ANLB
Aïn Nouissy / Noisy-les-Bains
Toute l'histoire d'un village d'Algérie
LA TABLE OUVERTE
par Jean-Pierre Aldeguer
Il y a quelques semaines, ma mère fêtait ses 80 ans. Cet âge n’est pas tout à fait le sien, bien-sûr : la préfecture d’Oran l’ayant administrativement vieillie lors de sa naturalisation, quand de Maria Soledad elle était devenue Solange.
Donc, lors du repas d’anniversaire nous nous sommes mis à parler de Noisy et de la « pension de famille » qu’elle tenait au village.
Il y avait bien, depuis longtemps à Noisy, un café-hôtel « Chez Garrigues », mais il était difficile, en dehors de Mostaganem ou d’Arzew, de trouver un accueil à midi ou le soir pour prendre ses repas. Dans l’entre-deux guerre, la grand-mère Herminie Aldeguer, pour répondre aux besoins des maçons recrutés par son marie dans la construction des fermes, caves et équipements publics, avait ouvert sa table à tous ceux qui le souhaitaient. « Aqui, mesa redonda, mesa abierta. » (Ici, table ronde, table ouverte.), disait-elle en accueillant ses invités. A l’époque on ne parlait pas encore des tables d’hôtes !
Puis cette tradition fut reprise par Solange, sa belle-fille, à partir des années 50.
C’était dans la salle à manger familiale que les repas se prenaient. Là, se retrouvaient autour de la table commune, à la fois, les gendarmes de passage, les instituteurs célibataires, certains militaires affectés au village, les voyageurs de commerce ou les musiciens venus pour les fêtes du village.
Enfant, j’étais au premier rang pour entendre les « grands » commenter les événements politiques et refaire l’histoire de l’Algérie ou bien parler football et revivre le dernier match Reims-Réal de Madrid que tout le monde était allé voir à Oran [11 novembre 1958, ndlr]. J’avais aussi la chance d’être le chouchou de tous les invités, ce qui me permettait tantôt d’éviter les soupes de pois cassés, tantôt de profiter de suppléments de dessert.
Sans trop me forcer me reviennent en mémoire les noms et les visages des habitués, devenus presque des membres de la famille.
Monsieur Gascon, le gendarme qui acceptait certains jours de me prêter son képi, c’est chez nous qu’il rencontra Pauline Bernal et je fus leur garçon d’honneur lorsqu’ils se marièrent au village.
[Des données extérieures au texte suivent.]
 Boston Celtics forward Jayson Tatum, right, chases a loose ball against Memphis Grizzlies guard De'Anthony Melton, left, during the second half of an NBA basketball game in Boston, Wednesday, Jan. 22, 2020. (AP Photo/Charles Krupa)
Monsieur Lapeyrie, l’instituteur, qui n’aimait pas non plus la soupe de pois cassés. Je me plaçais près de lui et il me racontait le monde depuis les Indes aux Amériques. J’aimais aussi beaucoup monsieur Verdu, chargé de l’animation du nouveau centre social construit en haut du village, il m’emmenait souvent avec lui faire la tournée des douars autour de Noisy.
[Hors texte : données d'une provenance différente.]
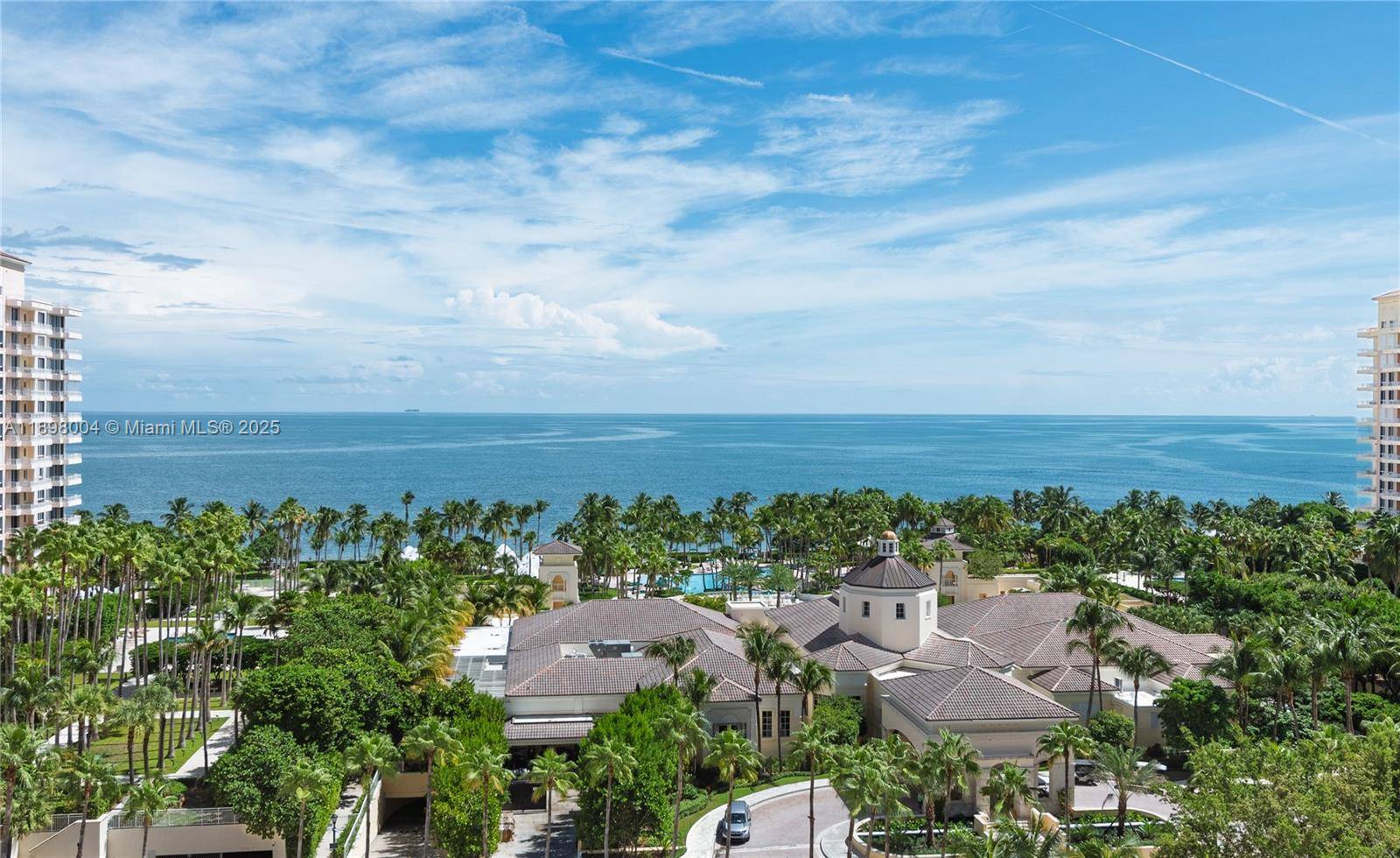 Experience refined island living in this exquisitely remodeled corner residence at The Ocean Club, showcasing breathtaking sunsets and the glittering Miami skyline.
Le temps n’a pas passé, il me semble que c’était hier.
Je revois « Barbero », le coiffeur et barbier de Rivoli qui chaque semaine faisait le tour du village. « Barbero », de son métier il avait fait son nom. « Barbero » avec sa petite valise où étaient soigneusement rangés ses rasoirs, ses ciseaux, ses tondeuses. Des instruments qui effrayaient le petit enfant que j’étais : les tondeuses arrachaient les cheveux autant qu’elles les coupaient ; les rasoirs faisaient certes la peau douce, mais à condition de fermer les yeux et de retenir profondément son souffle. Est-ce son métier qui lui fit perdre la vue, ou le contraire, que ses yeux affaiblis lui firent renoncer à couper les cheveux ? Un beau jour « Barbero » ne vint plus à la maison que pour parler de pêche avec mon grand-père. Pour les cheveux, nous allions à présent à Mostaganem chez un coiffeur plus moderne et plus cher.
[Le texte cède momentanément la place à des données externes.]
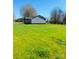 Charming exterior of a single-Gathering home with an expansive green lawn and a view of the surrounding landscape at 8255 W Nc 10 Hwy, Vale, NC 28168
D’un tout autre genre était la venue de monsieur Terres, le représentant en lingeries de tous ordres. Comme un magicien, il m’impressionnait quand il tirait de ses valises des dizaines de tissus parfumés de lavande ou de fleurs d’oranger. Des soieries, velours, cotonnades et draperies de toutes origines qui faisaient rêver les femmes de Noisy. Deux fois par an, régulièrement, il visitait le village. On ne connaissait pas précisément le jour de sa venue, mais à la fin de l’hiver ou au début de l’automne on l’attendait comme on attend le printemps. Les femmes en chuchotant s’échangeaient les commentaires sur les commandes qui allaient lui être passées. Même en temps de vache maigre, les « trousseaux » dans les armoires se devaient de grossir. Tous ceux de ma génération connaissent ces paires de draps et de serviettes brodés, jamais utilisés, qui franchirent la Méditerranée dans les valises et les « cadres », et qui nous sont laissés en héritage. A nous, habitués des synthétiques, qui ne sauront jamais qu’en faire !
Etre fils de la cuisinière permettait aussi de participer aux préparatifs culinaires. D’abord le matin, dans la rue, il fallait surveiller l’arrivée des commerçants qui venaient de Mostaganem ou d’autres villages, nous ravitailler.
Le vendredi, c’était le jour de « Juanico », le poissonnier. Dans la descente de Noisy il klaxonnait pour prévenir de son arrivée, et si on voulait profiter d’un choix de poissons, il fallait vite monter vers la place pour être parmi les premiers servis.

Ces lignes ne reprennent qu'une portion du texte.